7.3. Data quality

image339

  • Data quality zone displays when you double-click a field image340. Double-click again to hide the zone.

  • Transformation suggestion zone image341.

  • Box presenting statistics for the selected field image342.

  • Box for distributing values for the selected field image343.

  • Box for managing the nature of the selected field and viewing its validity statistics image344.

  • Box for managing the field validation rules for the selected field and viewing its validity statistics image345.

  • TNV (Type – Nature – Validation Rules) zone image346 showing in chart format the data quality status of every field in the dataset.

Tip

You can click any chart in Data Quality to filter the dataset.

7.3.1. Managing natures

A nature is an item of business data that is governed by common rules known to everyone, e.g. telephone numbers, emails, etc.

image347

If no nature has been attributed to a field, this view will display.

image348

If a nature has already been attributed to a field, this view will display.

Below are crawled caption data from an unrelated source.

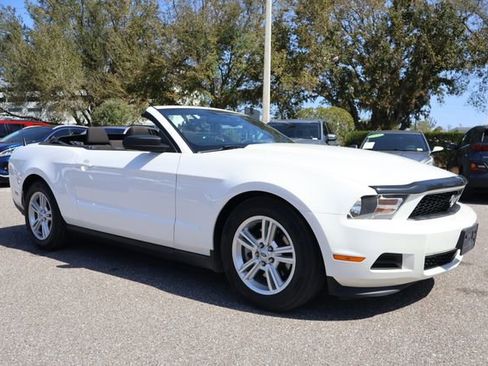 Used 2012 Ford Mustang Convertible image 3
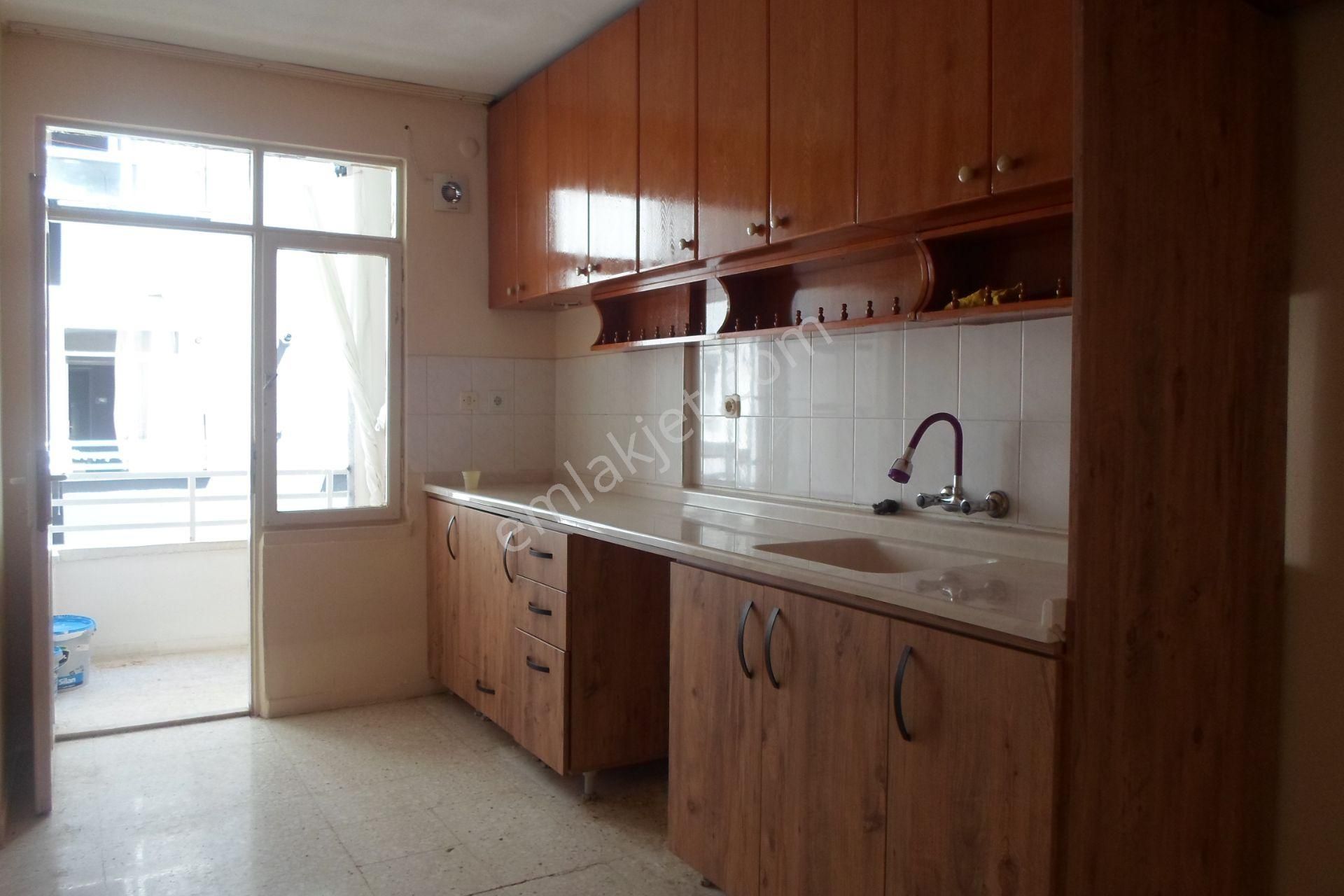 Aylık*mezitli*kalbi*3+1*site*otpark*boyalı*2 Klima*kiralık Daire
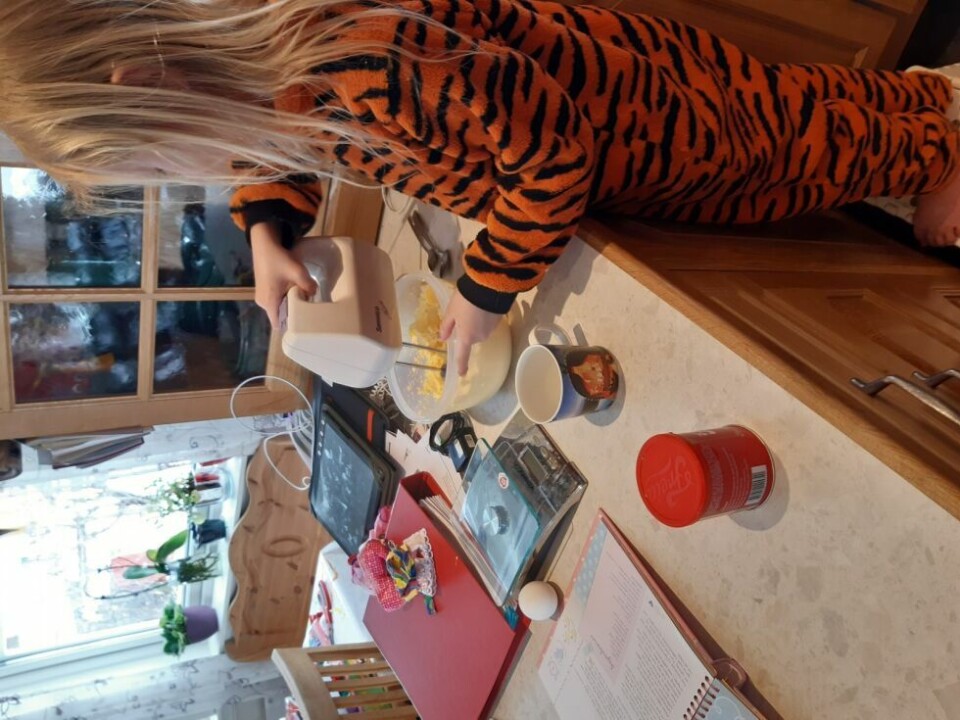 Bilder fra årets påske!KAKE. Her lags påskekake.
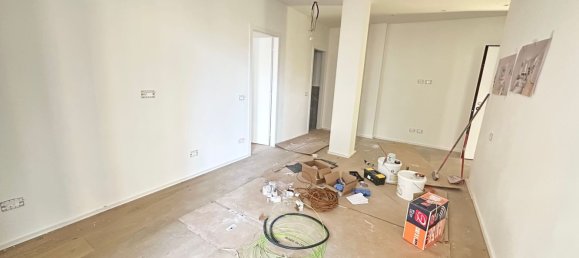 3 rooms Apartment in Florence, Italy No. 9894 14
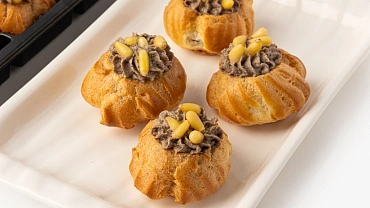 Профитроли с грибным муссом и кедровыми орешками,12 шт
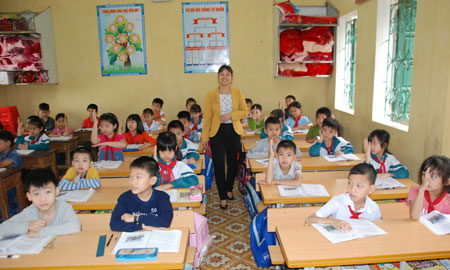 Cô và trò Trường Tiểu học Trần Phú trong giờ học.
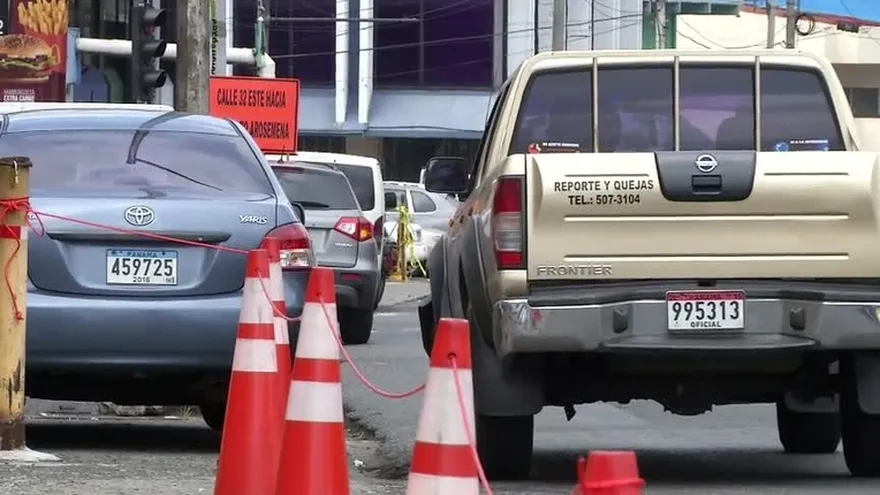 Denuncia la pérdida de su placa extraviada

Just one nature can be attributed per field.

7.3.2. Available natures

The following natures are available:

  • Email.

  • Telephone number: FR / US (international and national); Formats: E164, International.

  • Postcode, INSEE municipality code.

  • GTIN : GTIN-8, GTIN-12, GTIN-13, GTIN-14.

  • ISBN-10.

  • IPv4.

  • SIREN, SIRET.

  • Gender, title.

  • Surname, first name, full name.

  • RIB, IBAN.

  • French Social Security number.

  • Pôle-emploi login.

  • URL.

  • Country code (ISO-3166-1 alpha2, ISO-3166-1 alpha3).

7.3.3. Add Field validation rules

A field validation rule is a business constraint that is usually known only to business experts and serves to ensure that there are no inconsistencies or, if there are inconsistencies, to measure them.

image349

If no field validation rule has been attributed, the box above will become available. Click Add a validation rule to add a new field validation rule to the selected field.

image350

The list of available field validation rules will vary, depending on the type of data in the selected field.

  • Text fields:

    • Pattern (regular expressions).

    • Minimum length.

    • Maximum length.

    • Precise length.

    • Enumeration by value.

    • Not empty.

  • Numeric fields:

    • Range of values.

    • Not empty.

  • Date fields:

    • Range of values.

    • Not empty.

Just one type of field validation rule can be attributed per field. In other words, you cannot e.g. set two minimum length field validation rules for the same field.

image351

  • List image352 of field validation rules for the selected field.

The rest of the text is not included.